- _What is being asked_
The required output is an exact copy of the lines from the one containing "Poster vector frame" through the end of the entries below, with pictures removed.

------------------------

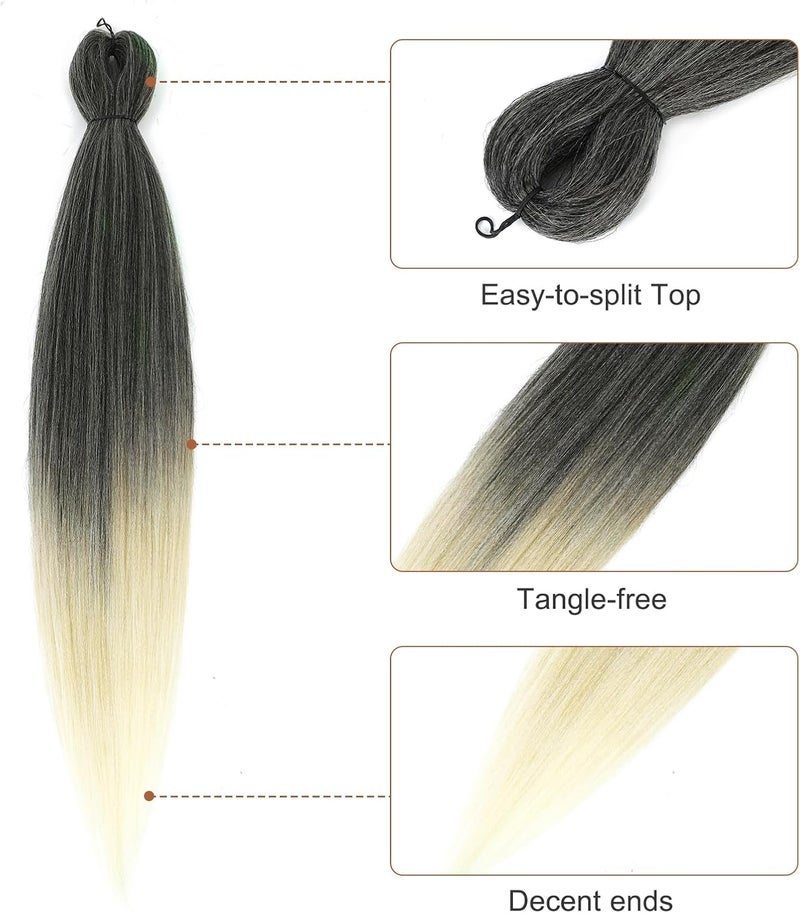 Difunee Pre-stretched Braiding Hair - 24 Inch 8 Packs Ombre 613 Long Braiding Hair For Twist or Box Braids, Yaki Texture Hot Water Setting Synthetic Braiding Hair Extensions (24 Inch, T-613-8P) - Image 2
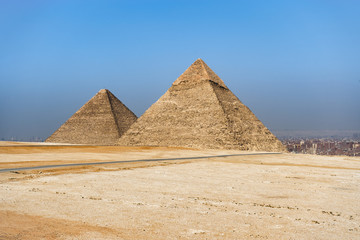 Fototapeta na wymiar The Pyramids of Giza, the last surviving Wonders of the Ancient World, situated in Cairo, Egypt..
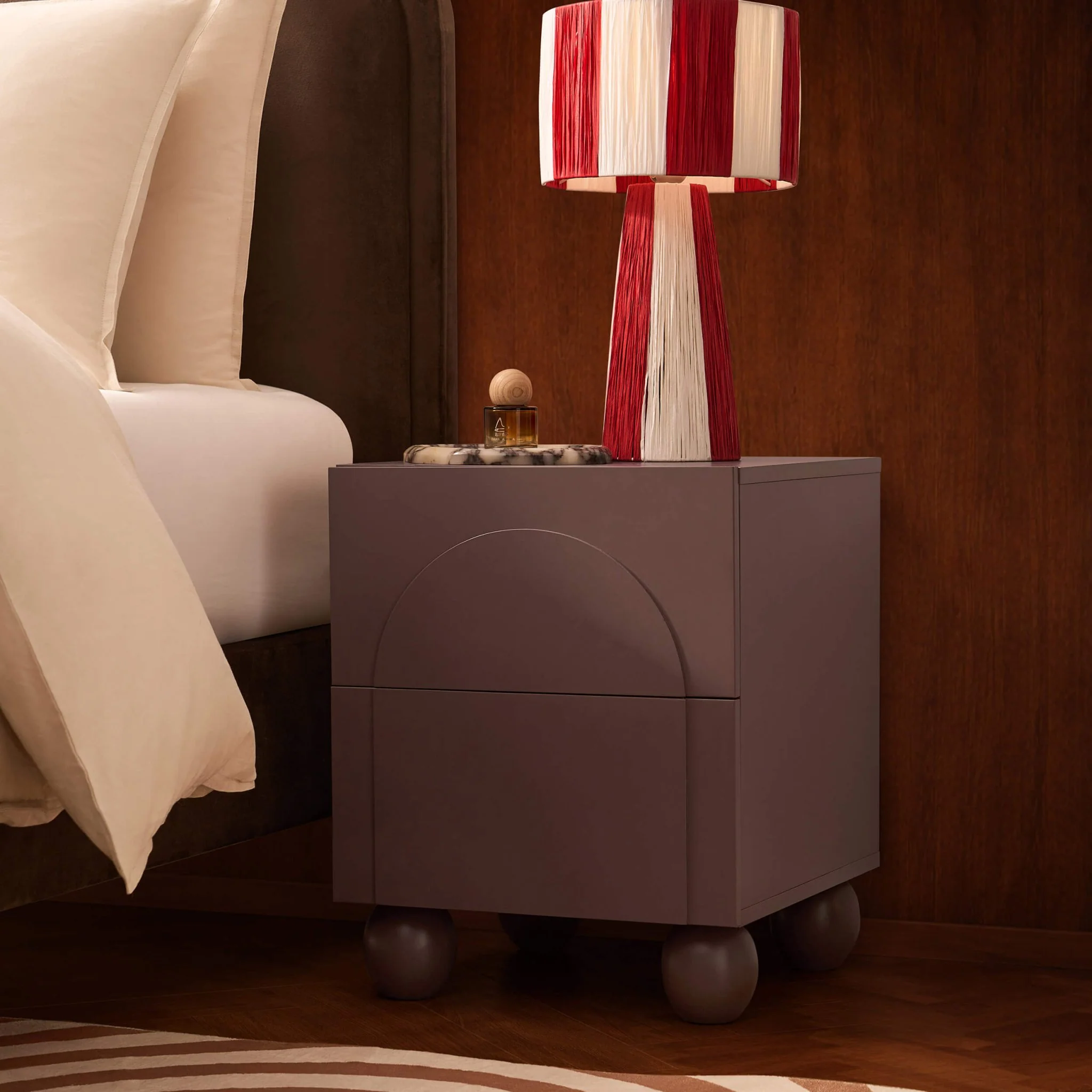 Rachel Arch Front 2 Drawer Bedside Table - Mocha - Image 2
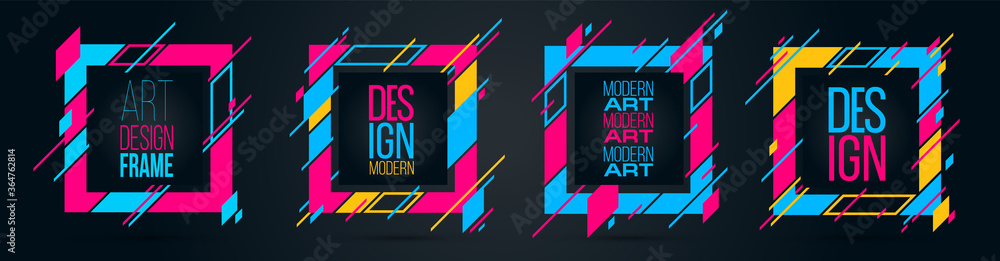 Poster vector frame art graphics for hipsters . dynamic frame stylish geometric black background . element 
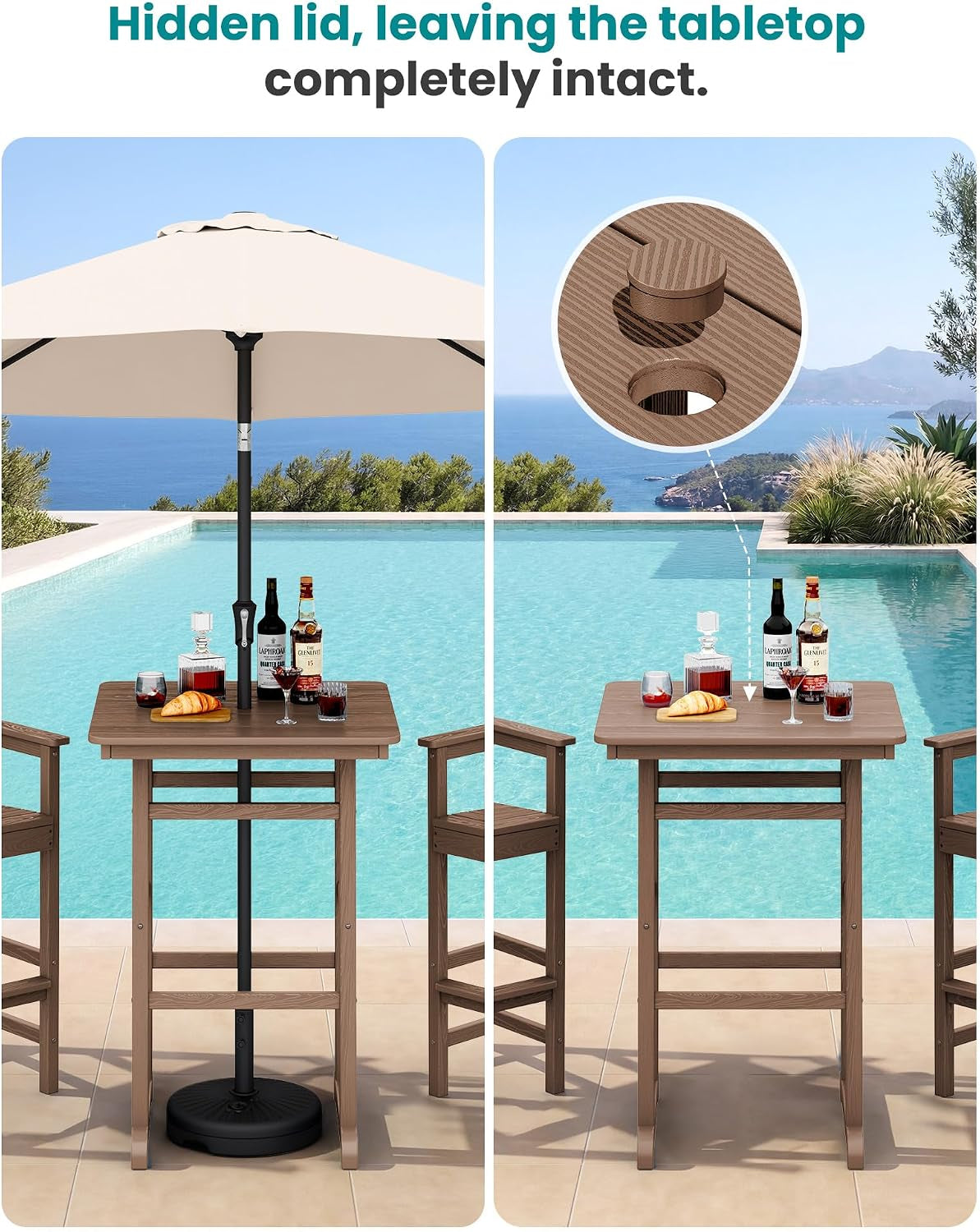 Square bar table showing concealed umbrella hole lid and a pole installed through the tabletop at poolside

------------------------

- _Response_
 Poster vector frame art graphics for hipsters . dynamic frame stylish geometric black background . element 
 Square bar table showing concealed umbrella hole lid and a pole installed through the tabletop at poolside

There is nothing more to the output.